## Line Chart: Sensitivity to Top-K
### Overview
This image is a line chart titled "Sensitivity to Top-K" that evaluates the performance of four different metrics—Perplexity, LN-Entropy, Lexical Similarity, and EigenScore—using the AUROC (Area Under the Receiver Operating Characteristic curve) metric. The chart tests how these metrics respond to changes in the "Top-K" parameter, ranging from 3 to 50. The overall visual impression is one of high stability across all tested methods.
### Components/Axes
* **Title**: "Sensitivity to Top-K" (Centered at the top).
* **Y-Axis**:
* **Label**: "AUROC" (Vertical, left side).
* **Scale**: Numerical, ranging from 35 to 90. Major tick marks are visible at 40, 50, 60, 70, 80, and 90.
* **X-Axis**:
* **Label**: "Top-K" (Horizontal, bottom center).
* **Scale**: Categorical/Discrete values: 3, 5, 10, 20, 30, 50.
* **Legend**: Located in the **bottom-right** quadrant within a white box with a thin grey border. It contains four entries:
* **Blue line with 'x' markers**: Perplexity
* **Grey line with diamond (♦) markers**: LN-Entropy
* **Teal/Cyan line with circle (●) markers**: Lexical Similarity
* **Orange line with star (★) markers**: EigenScore
* **Line Style**: All data series use a dash-dot line pattern.
### Content Details
#### Data Table (Approximate Values)
The following table reconstructs the data points based on visual alignment with the Y-axis scale. Values are estimated with an uncertainty of approximately ±0.5 units.
| Top-K | Perplexity (Blue x) | LN-Entropy (Grey ♦) | Lexical Similarity (Teal ●) | EigenScore (Orange ★) |
| :--- | :---: | :---: | :---: | :---: |
| **3** | ~64.0 | ~67.0 | ~74.0 | ~79.0 |
| **5** | ~64.0 | ~67.5 | ~75.0 | ~80.5 |
| **10** | ~64.0 | ~68.5 | ~75.0 | ~79.0 |
| **20** | ~64.0 | ~68.0 | ~73.5 | ~80.0 |
| **30** | ~64.0 | ~68.5 | ~74.0 | ~80.5 |
| **50** | ~64.0 | ~69.0 | ~76.0 | ~80.0 |
#### Trend Verification
* **EigenScore (Orange)**: Positioned at the top of the chart.
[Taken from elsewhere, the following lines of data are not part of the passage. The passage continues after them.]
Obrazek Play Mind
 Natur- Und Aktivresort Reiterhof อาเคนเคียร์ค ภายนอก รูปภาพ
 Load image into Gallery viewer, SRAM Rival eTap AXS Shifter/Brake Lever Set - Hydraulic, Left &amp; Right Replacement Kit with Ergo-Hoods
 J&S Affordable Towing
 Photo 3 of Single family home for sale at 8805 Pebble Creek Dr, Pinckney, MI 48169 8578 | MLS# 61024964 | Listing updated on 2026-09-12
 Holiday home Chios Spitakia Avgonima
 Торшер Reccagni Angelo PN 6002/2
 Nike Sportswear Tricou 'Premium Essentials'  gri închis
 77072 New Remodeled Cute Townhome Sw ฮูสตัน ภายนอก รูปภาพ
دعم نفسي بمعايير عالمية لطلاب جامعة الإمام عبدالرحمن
The line is relatively flat with minor fluctuations, maintaining a high AUROC around 80.
* **Lexical Similarity (Teal)**: Positioned second from the top. It shows slight volatility, with a small dip at K=20 and a peak at K=50, generally staying between 73 and 76.
* **LN-Entropy (Grey)**: Positioned third from the top. It exhibits a very slight upward trend as K increases, moving from ~67 to ~69.
* **Perplexity (Blue)**: Positioned at the bottom. The line is perfectly horizontal, indicating zero sensitivity to the Top-K parameter within this range.
### Key Observations
* **Performance Ranking**: There is a clear and consistent hierarchy across all values of K: EigenScore > Lexical Similarity > LN-Entropy > Perplexity.
* **Parameter Robustness**: All four methods demonstrate remarkable stability. The AUROC scores do not significantly degrade or improve as the Top-K value increases from 3 to 50.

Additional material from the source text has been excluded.